• _Exercise prompt_
Leave out the pictures and set down the rest of the listing below word for word.

• _Input data_

------------------------

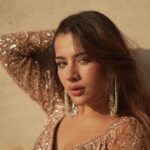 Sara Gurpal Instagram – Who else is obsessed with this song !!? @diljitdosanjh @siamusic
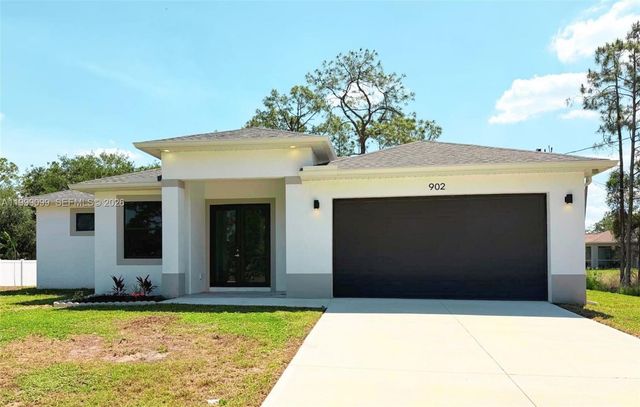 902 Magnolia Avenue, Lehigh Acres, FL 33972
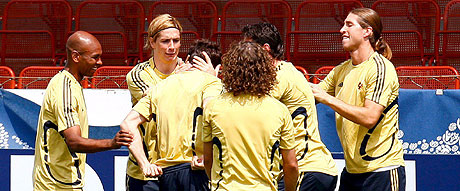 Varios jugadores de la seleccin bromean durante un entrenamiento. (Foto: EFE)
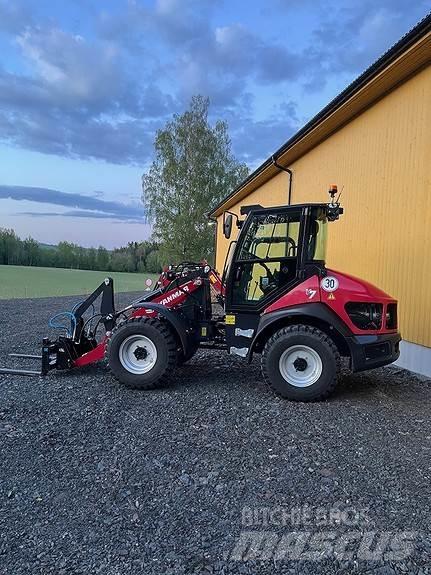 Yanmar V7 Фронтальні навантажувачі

------------------------

• _Answer to this task_
 Sara Gurpal Instagram – Who else is obsessed with this song !!? @diljitdosanjh @siamusic
 902 Magnolia Avenue, Lehigh Acres, FL 33972
 Varios jugadores de la seleccin bromean durante un entrenamiento. (Foto: EFE)
 Yanmar V7 Фронтальні навантажувачі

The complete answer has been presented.